Data block »
========================================
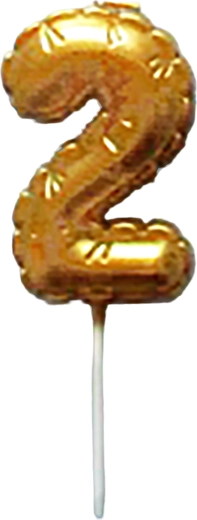 Bougie de gâteau chiffre 2 dorée 6 cm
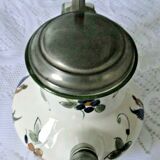 Ceramic belly pitcher lid and spout closed capodimonte chimeric decoration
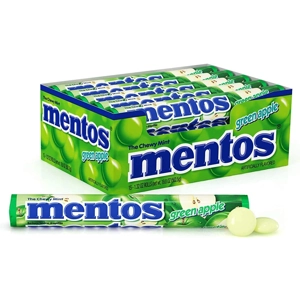 Mentos Green Apple Chewy Dragees Candy Sweets - 37.5g Roll Pack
========================================
Please retype the listing exactly, leaving out any images.

 Bougie de gâteau chiffre 2 dorée 6 cm
 Ceramic belly pitcher lid and spout closed capodimonte chimeric decoration
 Mentos Green Apple Chewy Dragees Candy Sweets - 37.5g Roll Pack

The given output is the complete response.